January 29, 2016
It's hardly news that hundreds die from gun violence on Philadelphia streets every year.
It's not even shocking to know that the city recorded more than 1,000 victims of shootings in both 2014 and 2015.
But City Councilman Kenyatta Johnson (D-2nd District) says it should be. At his urging, a series of hearings around the city will focus on the issue of youth gun violence. Johnson said it's time for city officials to take seriously efforts to turn back the scourge of youth gun violence in Philadelphia.
"I want to make sure that we are always keeping this as the number-one priority in the City of Philadelphia," he said during an interview held Friday.

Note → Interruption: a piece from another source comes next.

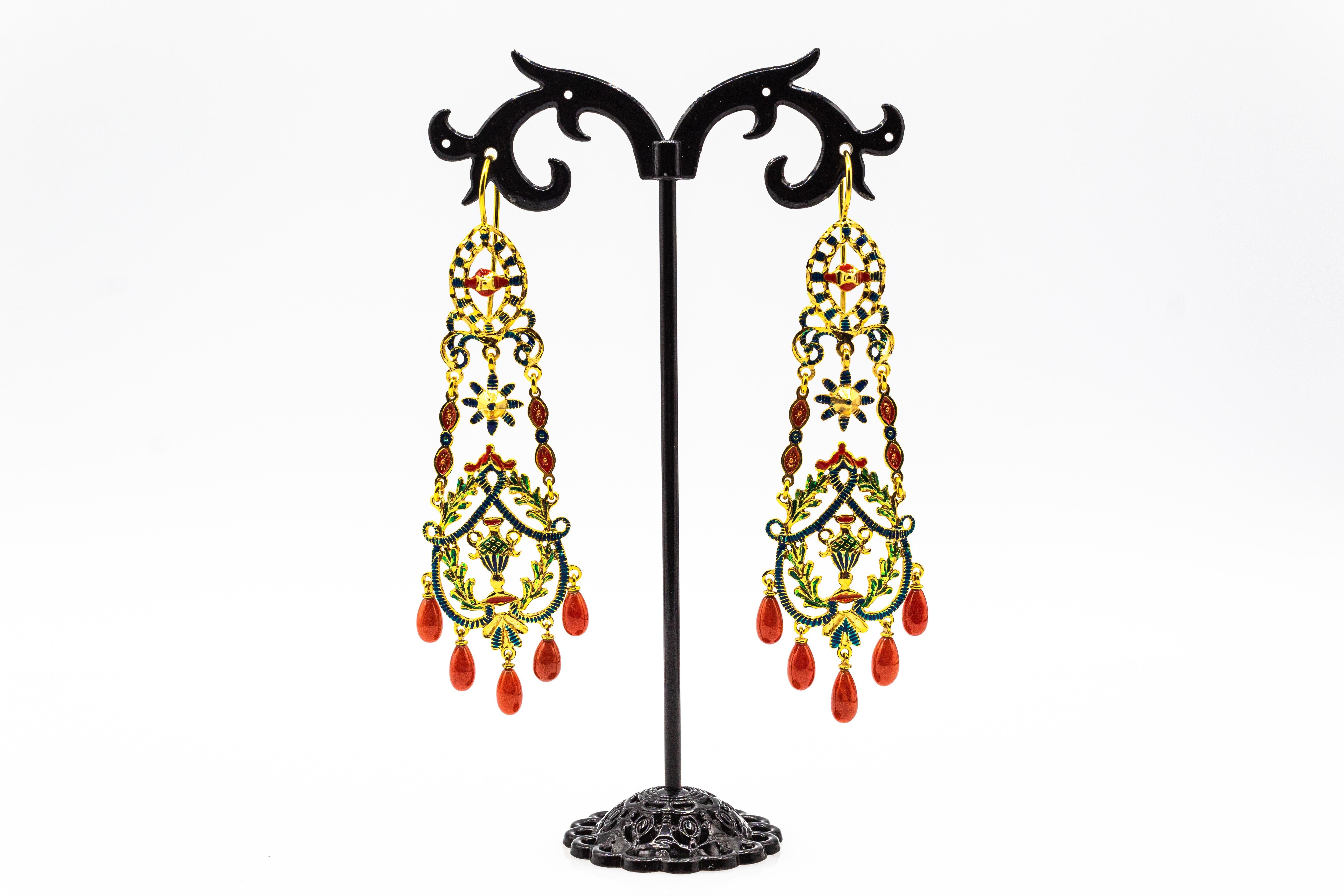 Art nouveau Clous d'oreilles en goutte de style Art Nouveau en or jaune, émail et corail rouge méditerranéen en vente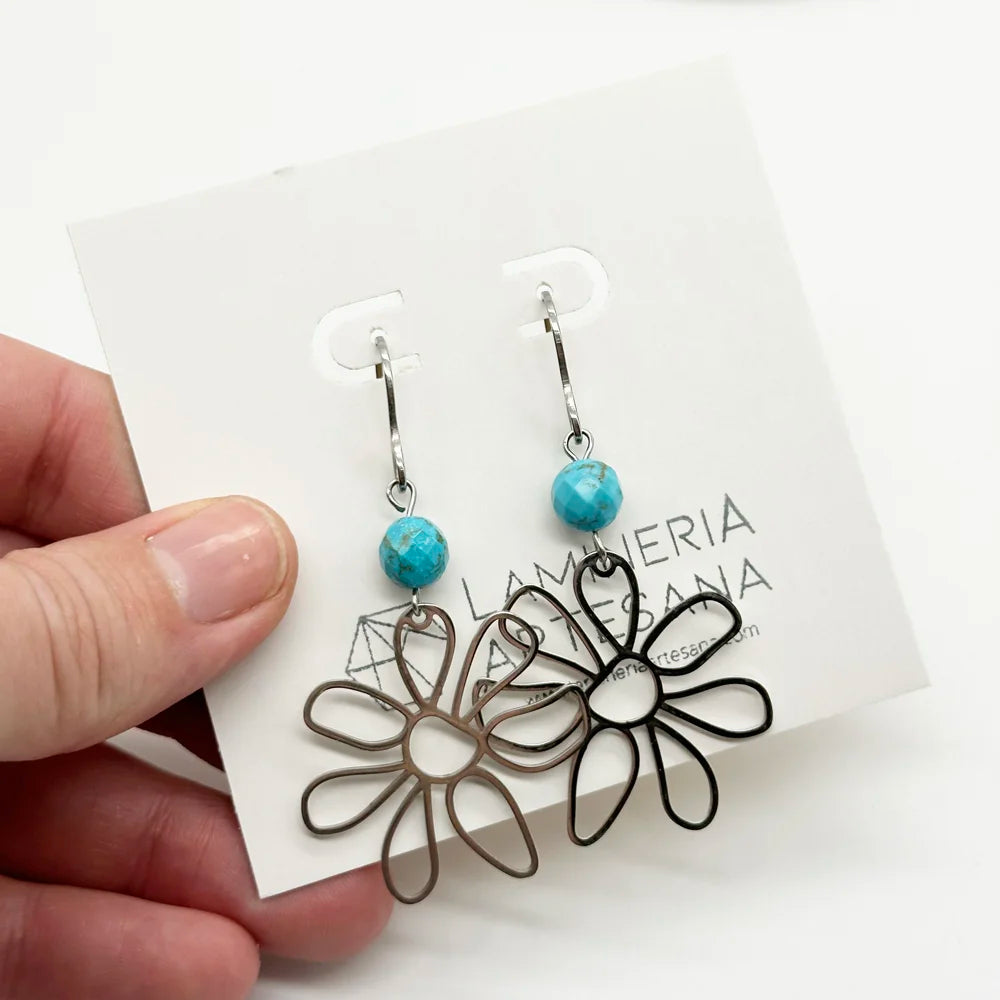 Long earrings with Flower and Mineral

Talking about the initiative, Johnson mentions "Peace Not Guns" – a non-profit organization criticized by some in 2014 who questioned where donations to the group were going. He said the group works to teach anger management and "anti-street education" to city youth in an effort to stem the violence.
Now, with these hearings, Johnson said, he will be able to expand his efforts to address youth gun violence by creating an action plan for the city.
"This is how we are going to keep our fingers on the pulse of how we address gun violence," he said.
With dates and locations still to be determined, Johnson said the hearings won't be one-night sessions quickly forgotten.
Calling the fight against youth gun violence "the new normal," he said he plans join with local law enforcement agencies, community groups and fellow legislators on a "listening tour" across the city to first hear what the people in the community see as problems impacting their neighborhoods.
"We need to engage the community on a grass roots level," he said. "You want to get input from the people who are impacted by the issue."
Then, he plans to take that information and return with follow-up hearings in these communities to discuss ideas and possible solutions.
Finally, he said, Johnson hopes to eventually unveil a new strategy and execution plan aimed at addressing gun violence in the city.
"No child should have to go outside and worry that they're going to get shot," he said.
Currently, he said, Johnson is working to schedule hearings and he will soon be holding a roundtable on youth gun violence with interfaith leaders in the city.
He plans to have a full schedule of hearings scheduled in the near future.
"At the end of the day, it's really about making this issue a priority," said Johnson.